Besides likening unbelievers to filth, the al-Hilli text includes a chapter on jihad, setting down the conditions under which Muslims are supposed to fight Jews and Christians.

The text is one of a number of books that some students say they find “disturbing” and “very worrying”. Their spokesman told The Times: “They are being exposed to very literalist interpretations of the Koran. These are interpretations that would not be recognised by

80 or 90 per cent of Muslims, but they are being taught in this school.

“A lot of people in the Muslim community are very concerned about this. We need to urgently re-examine the kind of material that is being taught here and in other colleges in Britain.”

Mohammed Saeed Bahmanpour, who teaches in both the Hawza and the ICAS, confirmed that al-Hilli text was used, but denied that it was taught as doctrine. He said that, although the book was a key work in the jurisprudence class, its prescriptions were not taught as law. When he taught from it, he omitted the impurity chapter, he said.

Dr Bahmanpour said: “We just read the text and translate for them, but as I said I do not deal with the book on purity.
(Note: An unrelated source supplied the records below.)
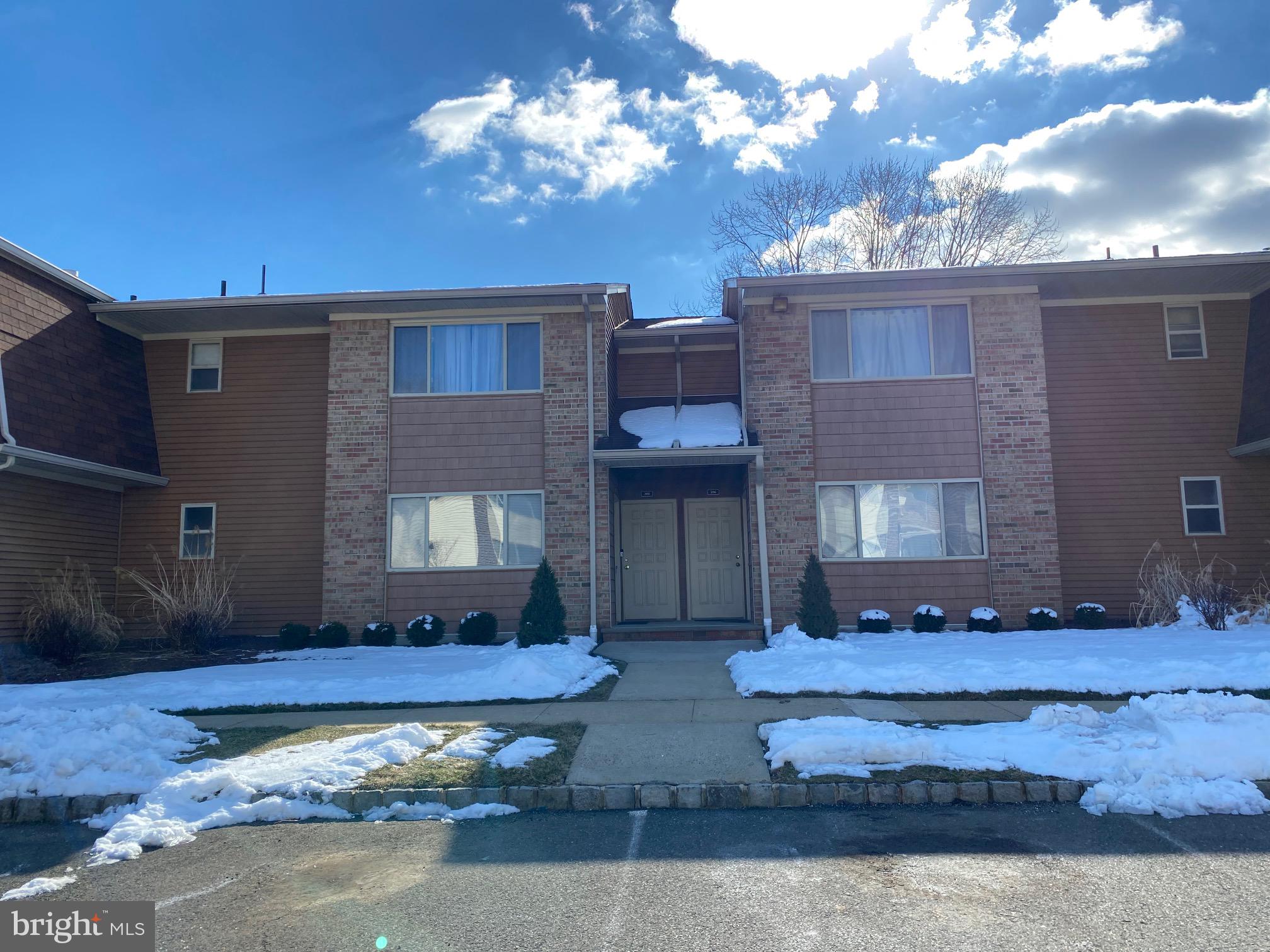 207 Mandon Ct #1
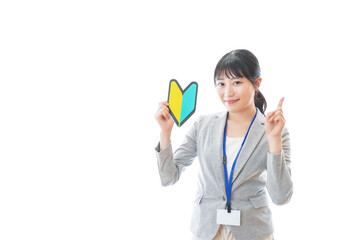 初心者マークを持つ若いビジネスパーソン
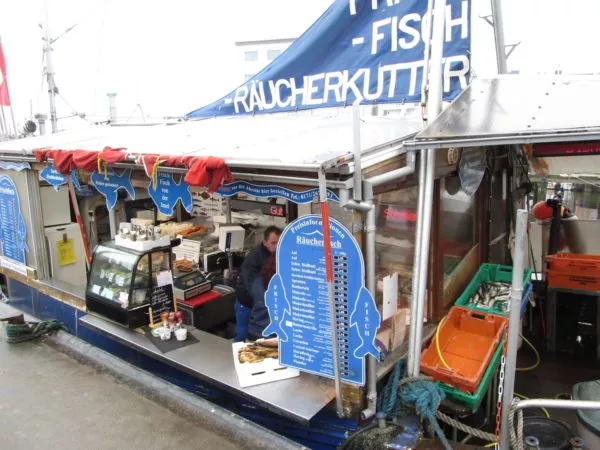 Reisetipp für Rügen - Räucherfischkutter in Sassnitz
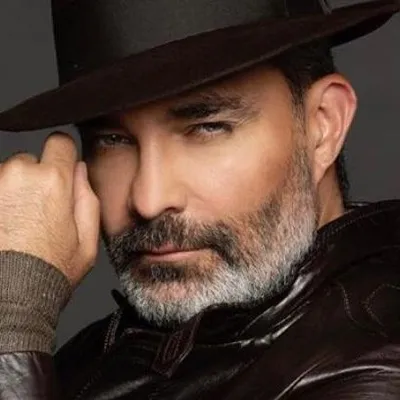 Mauricio Islas profile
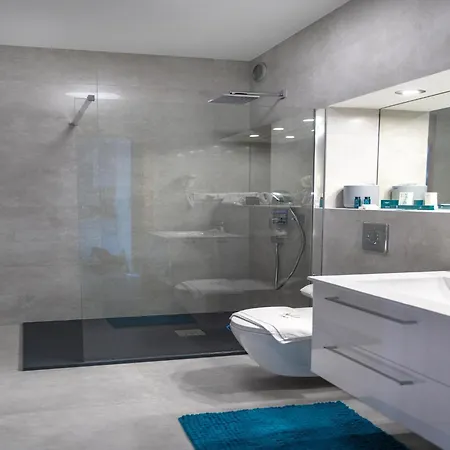 Duplex Apartment, * 里沃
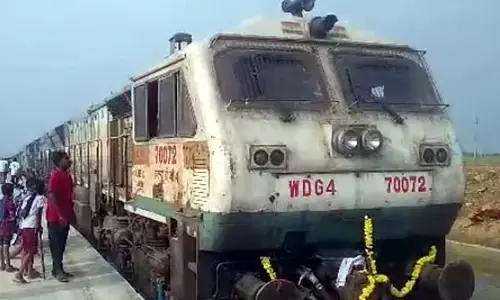 Kalyandurgam: ట్రైల్ రన్ వేసి 6 నెలలు.. ఇంకా అందుబాటులోకి రాని రైలు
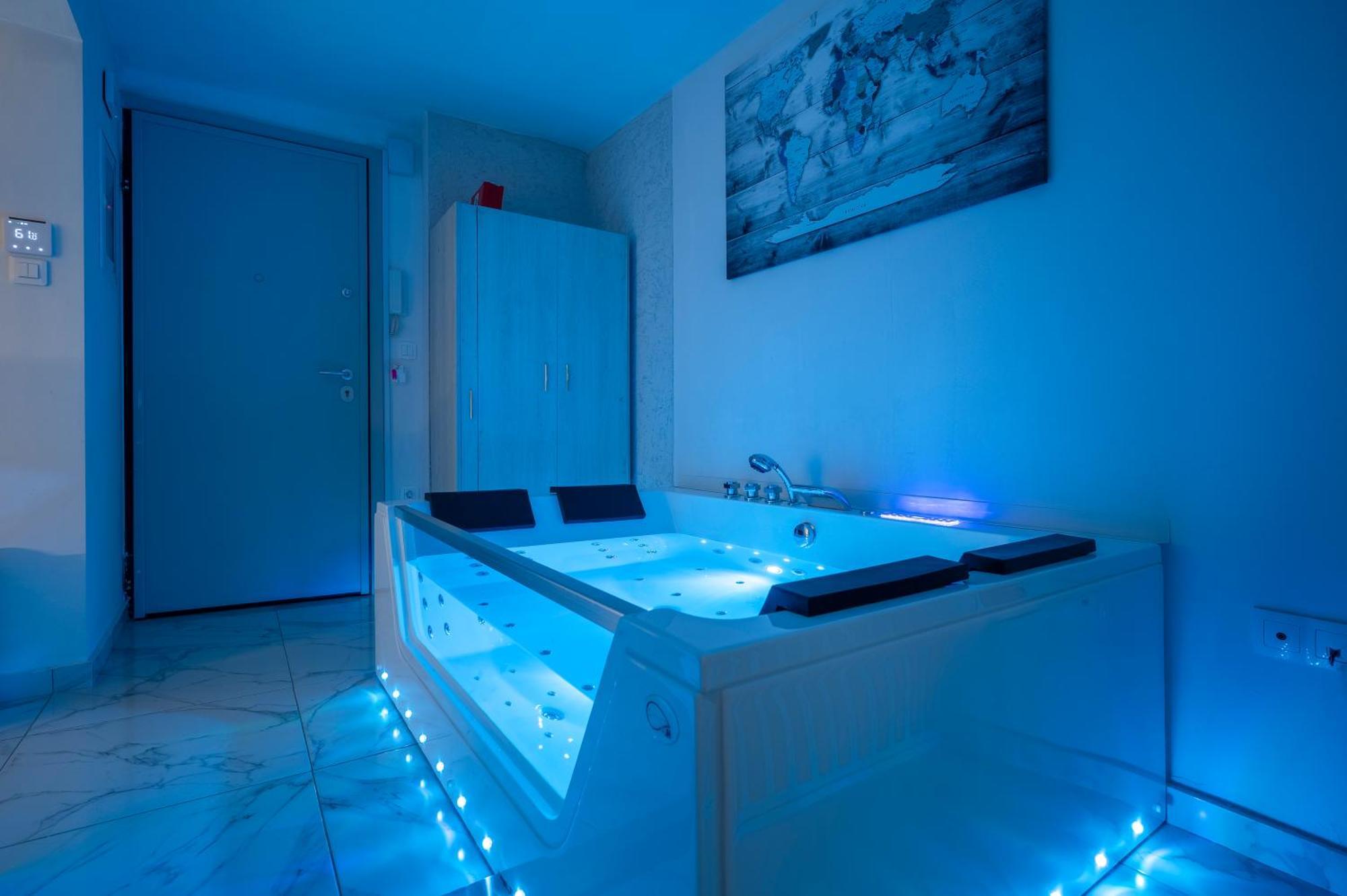 Premium Jacuzzi Suite At The City Center, By Aqua Platinum Thessaloniki Exterior photo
We have left that to the discretion of the teacher whether he wants to teach it or not.

“The idea is not to teach them jurisprudence because most of the fatwas of Muhaqiq are not actually conforming with the fatwa of our modern jurists. The idea is that they would be able to read classical texts and that is all.”

Dr Bahmanpour said that Mr Moezi had no educational role at either the ICAS or Hawza Ilmiyya. Mr Moezi has been the representative in Britain of Ayatollah Khamenei since 2004 when he also succeeded Mr Araki in the role and as a trustee of the ICEL and the Irshad Trust.
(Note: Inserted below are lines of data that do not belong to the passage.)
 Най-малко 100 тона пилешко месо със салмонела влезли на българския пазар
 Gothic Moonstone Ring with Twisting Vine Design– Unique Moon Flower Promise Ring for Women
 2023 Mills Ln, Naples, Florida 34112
The Islamic centre’s website reports Ayatollah Khamenei’s speeches and activities prominently and one of the first sites listed under its links section is the supreme leader’s homepage.
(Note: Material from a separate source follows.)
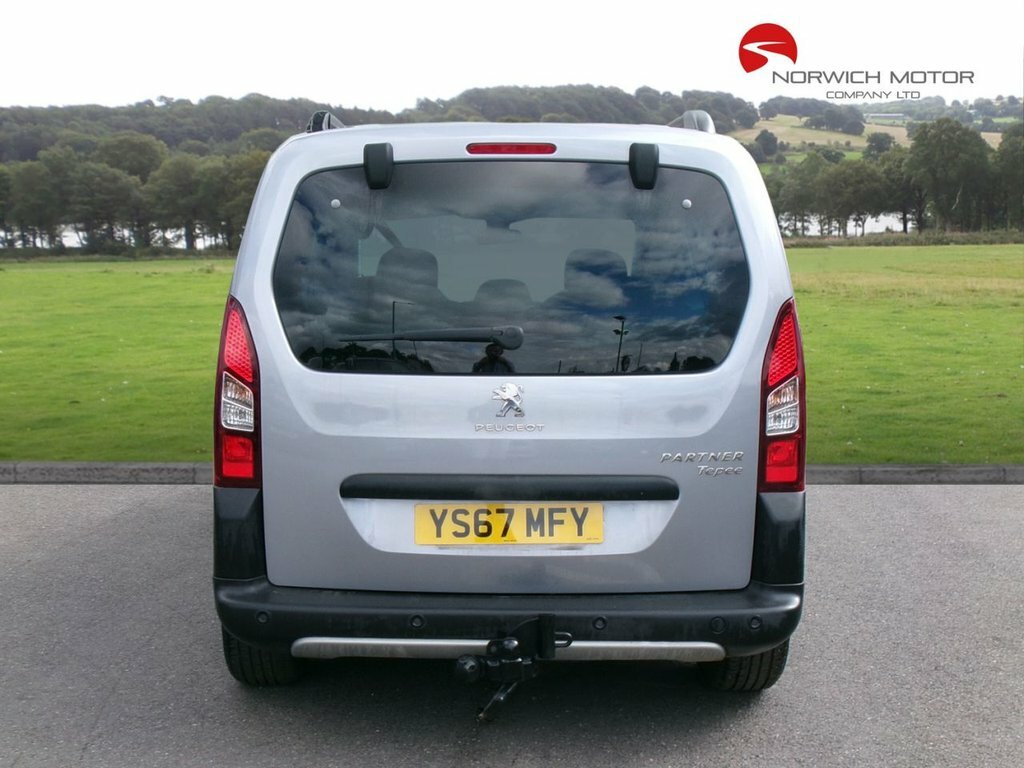 Peugeot Partner Tepee 1.6L Outdoor Grey #5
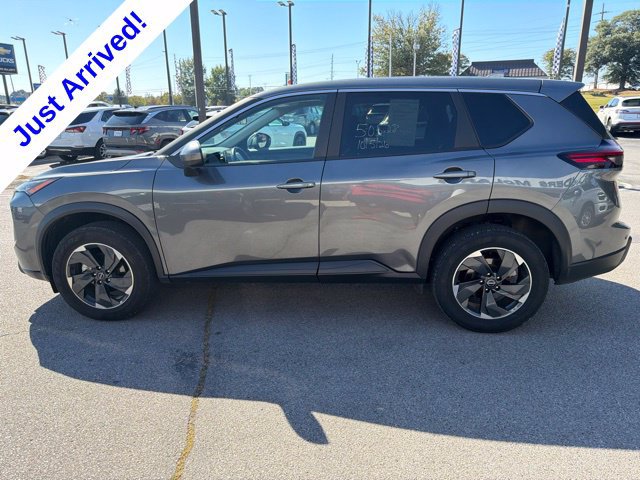 Used 2025 Nissan Rogue SV AWD/4WD image 6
A spokeswoman for the ICEL also confirmed its links with the Iran’s spiritual leadership but said the centre was a purely religious organisation.

Middlesex University, which accredits the ICAS course but not the Hawza Ilmiyya, said: “The BA in Islamic studies offered by the Islamic College of Advanced Studies is validated by Middlesex University.

“This means that Middlesex ensures that the academic standards of this particular programme are appropriate, the curriculum delivers to the required standards, learning and teaching methods allow achievement of standards.”


‘The water left over in the container after any type of animal has drunk from it is considered clean and pure apart from the left over of a dog, a pig, and a disbeliever’

‘There are ten types of filth and impurities: urine, faeces, semen, carrion, blood of carrion, dogs, pigs, disbelievers’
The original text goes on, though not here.